Norton v. State
Decision Date | 12 November 1894 |
Court | Mississippi Supreme Court |
Parties | ALBERT B. NORTON v. THE STATE |
FROM the circuit court of Copiah county. HON. J. B. CHRISMAN Judge.
Appeal from a conviction of seduction. The case is stated in the opinion. Section 1998, code 1892, upon which the prosecution is based, is as follows: "Seduction of females over age of sixteen, by frauds, etc.--If any person shall obtain carnal knowledge of any woman or female child over the age of sixteen years, by virtue of any feigned or pretended marriage, or any false or feigned promise of marriage, he shall, upon conviction, be imprisoned in the penitentiary not more than five years; but the testimony of the female seduced alone shall not be sufficient to warrant a conviction."
There was some testimony for the accused to the effect that the prosecutrix, Katie Douglass, was engaged to marry another man, and had sexual intercourse with him about the time accused began his visits to her. The court granted the following instruction for the state:
Judgment reversed and cause remanded.
Geo. S Dodds and Willing & Ramsey, for appellant.

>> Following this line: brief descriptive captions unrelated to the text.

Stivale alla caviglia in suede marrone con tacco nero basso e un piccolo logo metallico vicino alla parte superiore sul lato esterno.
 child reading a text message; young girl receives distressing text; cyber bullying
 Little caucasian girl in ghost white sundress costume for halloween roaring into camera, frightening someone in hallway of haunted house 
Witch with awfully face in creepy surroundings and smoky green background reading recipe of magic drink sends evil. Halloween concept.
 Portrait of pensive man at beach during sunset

1. The indictment does not allege that the promise was made to Katie Douglass. The motion to quash should have been treated as a demurrer, and the indictment quashed.
2. The instruction for the state, to the effect that the previous chaste character of the woman was immaterial, and that her unchastity was no defense, is in direct conflict with the law announced in Ferguson v. State, 71 Miss. 805.
Frank Johnston, attorney-general, for the state.
The indictment is in the words of the statute, and the objection that it does not allege that the promise of marriage was made to Katie Douglass is captious. It informs accused of the nature of the crime charged. 1 Bish. Crim. Pro., §§ 511, 526; Bish. Stat. Cr., § 645. Any other construction than that the promise was made to her is strained and unreasonable. 1 Bish. Crim. Pro., § 356.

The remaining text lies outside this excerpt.